Severe hyponatraemia and associated seizures following bowel preparation are rarely described in the literature. A literature search was carried out on PubMed and MEDLINE using search terms, “picolax and hyponatraemia”; “picolax and seizure”; “sodium picosulfate and hyponatraemia”; “sodium picosulfate and seizure”. This yielded seven publications, which described a total of nine cases and one population based retrospective cohort study. One report was unable to be accessed [1]. A report [2] from New Zealand cites three cases of hyponatraemia and associated seizures after the administration of either sodium phosphate or picolax. The three female patients all had pre-existing medical co-morbidities including hypertension and depression, for which they were taking medications which could have contributed to hyponatraemia. A second report [3] from the Unites States of America again reports a female patient with pre-existing medical conditions, for which treatment could have contributed to hyponatraemia. A third report [4] from Ireland reports a female patient with no pre-existing medical conditions. The fourth report [5] from Korea describes a female patient with pre-existing medical conditions who was taking medications that can cause hyponatraemia. The fifth report [6] from Canada is a retrospective cohort study of 147,832 patients that looked at hospitalisation of patients with hyponatraemia following 30 days of administration of bowel preparation. Interestingly, the article compared sodium picosulfate and polyethylene glycol preparations and showed that sodium picosulfate was more likely to cause hyponatraemia. The sixth report from Ireland [7] looked at three case reports of symptomatic hyponatraemia in patients who had received sodium picosulfate. Only one of the three patients had a seizure. All three patients had pre-existing medical conditions and were taking medications that could have caused hyponatraemia.
Eight of the nine cases in the literature describe patients who have pre-existing medical conditions and are taking regular medication which could have contributed to hyponatraemia. Interestingly, all of the patients reported are female, although the authors do not know of a reported genetic link between gender and hyponatraemia causing seizures.

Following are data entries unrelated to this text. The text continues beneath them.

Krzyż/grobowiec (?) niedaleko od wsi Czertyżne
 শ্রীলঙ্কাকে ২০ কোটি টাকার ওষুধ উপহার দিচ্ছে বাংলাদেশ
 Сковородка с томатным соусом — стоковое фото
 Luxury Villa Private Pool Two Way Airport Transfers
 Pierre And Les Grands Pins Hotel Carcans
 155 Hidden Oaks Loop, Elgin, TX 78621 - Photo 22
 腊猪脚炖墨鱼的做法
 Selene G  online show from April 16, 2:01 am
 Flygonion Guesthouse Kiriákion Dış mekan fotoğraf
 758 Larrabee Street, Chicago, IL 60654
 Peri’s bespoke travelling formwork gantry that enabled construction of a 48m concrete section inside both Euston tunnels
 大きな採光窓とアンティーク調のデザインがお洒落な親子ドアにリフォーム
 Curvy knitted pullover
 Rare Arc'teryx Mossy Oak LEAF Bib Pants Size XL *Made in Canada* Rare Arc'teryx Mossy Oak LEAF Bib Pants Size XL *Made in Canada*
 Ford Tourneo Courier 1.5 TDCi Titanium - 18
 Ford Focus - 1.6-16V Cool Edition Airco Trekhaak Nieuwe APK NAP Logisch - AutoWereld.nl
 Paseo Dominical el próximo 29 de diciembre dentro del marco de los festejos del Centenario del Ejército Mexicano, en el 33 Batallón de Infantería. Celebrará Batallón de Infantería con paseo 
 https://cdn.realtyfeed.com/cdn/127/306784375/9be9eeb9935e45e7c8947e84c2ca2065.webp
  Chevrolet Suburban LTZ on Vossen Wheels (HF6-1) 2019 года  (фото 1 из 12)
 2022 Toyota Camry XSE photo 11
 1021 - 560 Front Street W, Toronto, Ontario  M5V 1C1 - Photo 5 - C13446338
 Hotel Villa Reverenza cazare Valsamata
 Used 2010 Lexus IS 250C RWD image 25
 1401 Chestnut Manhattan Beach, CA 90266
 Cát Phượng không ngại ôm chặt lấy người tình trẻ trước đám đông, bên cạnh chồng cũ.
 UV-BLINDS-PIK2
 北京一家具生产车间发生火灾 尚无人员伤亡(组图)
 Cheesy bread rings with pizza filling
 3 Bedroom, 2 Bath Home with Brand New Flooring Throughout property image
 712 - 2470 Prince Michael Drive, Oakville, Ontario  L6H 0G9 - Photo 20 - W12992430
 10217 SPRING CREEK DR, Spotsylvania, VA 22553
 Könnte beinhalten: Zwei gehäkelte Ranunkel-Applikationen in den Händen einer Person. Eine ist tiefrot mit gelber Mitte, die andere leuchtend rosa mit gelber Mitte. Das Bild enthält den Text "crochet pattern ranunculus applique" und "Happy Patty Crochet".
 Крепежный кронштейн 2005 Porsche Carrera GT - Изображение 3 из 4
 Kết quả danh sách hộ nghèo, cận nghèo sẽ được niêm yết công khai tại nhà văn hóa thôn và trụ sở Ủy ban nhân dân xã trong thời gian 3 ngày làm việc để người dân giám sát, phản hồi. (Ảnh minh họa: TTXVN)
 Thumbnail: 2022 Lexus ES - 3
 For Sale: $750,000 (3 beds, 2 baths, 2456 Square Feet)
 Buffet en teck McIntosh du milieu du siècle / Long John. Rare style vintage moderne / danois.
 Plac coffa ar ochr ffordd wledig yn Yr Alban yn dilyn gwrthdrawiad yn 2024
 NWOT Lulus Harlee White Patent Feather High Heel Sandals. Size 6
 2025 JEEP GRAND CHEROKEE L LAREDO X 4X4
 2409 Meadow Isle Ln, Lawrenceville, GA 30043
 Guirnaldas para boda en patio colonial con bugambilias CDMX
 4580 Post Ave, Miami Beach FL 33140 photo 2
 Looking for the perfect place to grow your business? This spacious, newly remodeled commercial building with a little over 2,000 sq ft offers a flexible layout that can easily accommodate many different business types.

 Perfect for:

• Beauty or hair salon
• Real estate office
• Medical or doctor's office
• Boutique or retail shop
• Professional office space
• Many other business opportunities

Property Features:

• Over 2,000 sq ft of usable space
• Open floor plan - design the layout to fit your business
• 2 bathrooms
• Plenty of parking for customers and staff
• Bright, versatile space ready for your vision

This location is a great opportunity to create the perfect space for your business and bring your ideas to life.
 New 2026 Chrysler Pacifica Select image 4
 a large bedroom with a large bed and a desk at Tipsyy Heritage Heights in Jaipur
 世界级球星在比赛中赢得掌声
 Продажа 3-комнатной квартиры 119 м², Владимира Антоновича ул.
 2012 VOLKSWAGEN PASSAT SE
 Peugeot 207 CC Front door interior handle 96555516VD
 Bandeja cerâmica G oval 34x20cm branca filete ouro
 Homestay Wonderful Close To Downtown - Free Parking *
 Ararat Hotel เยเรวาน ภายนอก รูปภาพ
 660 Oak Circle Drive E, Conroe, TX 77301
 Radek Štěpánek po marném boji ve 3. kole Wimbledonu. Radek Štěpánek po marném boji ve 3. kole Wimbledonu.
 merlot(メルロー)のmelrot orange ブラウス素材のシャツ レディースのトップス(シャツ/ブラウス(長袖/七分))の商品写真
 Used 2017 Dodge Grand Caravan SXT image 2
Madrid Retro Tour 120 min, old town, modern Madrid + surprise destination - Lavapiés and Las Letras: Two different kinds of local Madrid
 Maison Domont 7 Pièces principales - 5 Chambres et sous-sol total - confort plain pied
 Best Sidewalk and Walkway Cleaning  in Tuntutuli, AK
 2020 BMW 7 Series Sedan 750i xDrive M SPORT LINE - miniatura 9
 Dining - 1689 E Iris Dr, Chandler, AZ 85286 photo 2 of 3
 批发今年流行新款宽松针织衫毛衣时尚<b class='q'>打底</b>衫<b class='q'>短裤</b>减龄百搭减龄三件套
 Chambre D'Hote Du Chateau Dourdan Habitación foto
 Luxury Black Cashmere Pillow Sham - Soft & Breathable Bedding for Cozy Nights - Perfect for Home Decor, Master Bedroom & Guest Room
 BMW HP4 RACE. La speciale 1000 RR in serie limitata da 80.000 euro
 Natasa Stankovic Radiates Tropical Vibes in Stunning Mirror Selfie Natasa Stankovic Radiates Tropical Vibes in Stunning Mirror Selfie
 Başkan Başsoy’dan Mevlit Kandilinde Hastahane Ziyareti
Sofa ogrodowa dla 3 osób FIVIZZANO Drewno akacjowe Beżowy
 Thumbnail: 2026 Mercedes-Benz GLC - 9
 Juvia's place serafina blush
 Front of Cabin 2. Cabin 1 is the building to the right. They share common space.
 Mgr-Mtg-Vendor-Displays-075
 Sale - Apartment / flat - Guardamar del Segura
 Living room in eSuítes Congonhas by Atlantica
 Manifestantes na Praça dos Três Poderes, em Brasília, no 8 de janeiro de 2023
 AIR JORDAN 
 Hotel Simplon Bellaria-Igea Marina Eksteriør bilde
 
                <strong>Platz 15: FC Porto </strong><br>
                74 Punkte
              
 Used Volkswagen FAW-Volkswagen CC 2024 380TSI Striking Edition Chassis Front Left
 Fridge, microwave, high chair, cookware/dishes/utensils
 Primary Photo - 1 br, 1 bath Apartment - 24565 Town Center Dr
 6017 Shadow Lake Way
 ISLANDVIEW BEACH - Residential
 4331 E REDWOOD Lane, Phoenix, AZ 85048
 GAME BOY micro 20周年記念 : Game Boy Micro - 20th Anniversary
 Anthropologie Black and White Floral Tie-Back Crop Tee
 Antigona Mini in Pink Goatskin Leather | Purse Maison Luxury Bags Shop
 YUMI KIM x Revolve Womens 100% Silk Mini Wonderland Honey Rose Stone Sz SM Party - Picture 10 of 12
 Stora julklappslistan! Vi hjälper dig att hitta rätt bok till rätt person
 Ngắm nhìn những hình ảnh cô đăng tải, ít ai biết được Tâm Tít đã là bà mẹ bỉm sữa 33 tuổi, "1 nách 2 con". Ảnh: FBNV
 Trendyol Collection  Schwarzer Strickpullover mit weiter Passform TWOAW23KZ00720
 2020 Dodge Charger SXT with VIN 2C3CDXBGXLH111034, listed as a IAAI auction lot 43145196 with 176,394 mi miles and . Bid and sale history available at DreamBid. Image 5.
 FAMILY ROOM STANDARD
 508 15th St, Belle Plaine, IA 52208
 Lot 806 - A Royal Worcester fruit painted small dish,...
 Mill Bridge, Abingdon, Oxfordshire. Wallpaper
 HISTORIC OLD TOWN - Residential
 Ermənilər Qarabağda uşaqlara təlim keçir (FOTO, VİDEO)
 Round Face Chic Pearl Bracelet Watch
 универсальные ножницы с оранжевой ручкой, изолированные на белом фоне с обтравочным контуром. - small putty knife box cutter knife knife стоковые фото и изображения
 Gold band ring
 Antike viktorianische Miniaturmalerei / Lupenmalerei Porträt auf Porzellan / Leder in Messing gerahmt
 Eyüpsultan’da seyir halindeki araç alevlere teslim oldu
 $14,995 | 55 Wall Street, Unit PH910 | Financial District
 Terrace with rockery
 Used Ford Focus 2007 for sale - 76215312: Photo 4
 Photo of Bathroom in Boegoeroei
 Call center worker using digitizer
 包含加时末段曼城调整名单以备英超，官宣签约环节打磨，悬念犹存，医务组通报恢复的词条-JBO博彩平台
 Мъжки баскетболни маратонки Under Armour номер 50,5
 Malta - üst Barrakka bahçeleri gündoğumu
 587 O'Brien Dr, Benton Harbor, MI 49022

Our patient had no history of pre-existing medical conditions and was not taking any medications known to cause hyponatraemia. Hyperosmotic bowel preparation in the colon will draw isotonic fluid out of the bloodstream, leading to hypovolaemia and an increase in Ant-Diuretic Hormone (ADH). ADH may have further been increased by the nausea and vomiting described. The evidence for excess ADH is the urine osmolality reported as 508 mOsm/kg, which should be low (<100) in the case of hyponatraemia and hyposmolality. Unfortunately no urinary sodium was requested.
Furthermore, in the absence of other causes of hyponataremia such as Addison Disease, heart failure, liver failure or hypothyroidism, we believe that picolax administration was the cause of hyponatraemia for our patient as listed in the accompanying manufacturers leaflet which state “an uncommon side effect (less than 1 in 100 but more than 1 in 1000) is low levels of sodium or potassium in the blood with or without associated fits. Fits have occasionally been reported in epileptic patients”. A ‘Yellowcard’ adverse reaction card was submitted to the MHRA.
Although the report describes a rare complication of a common mild effect of bowel preparation-we urge care to be taken when prescribing these medications; particularly in those with pre-existing medical conditions, and to council patients when prescribing bowel preparation on the possible side effects encountered. Polyethylene glycol based bowel preparations appear to be safer and cause less hyponatraemia than sodium picosulfate and this should be considered when prescribing bowel preparation. We also recommend not to drink the bowel preparation with free water alone as this can cause electrolyte imbalances and lead to hyponatraemia and seizures.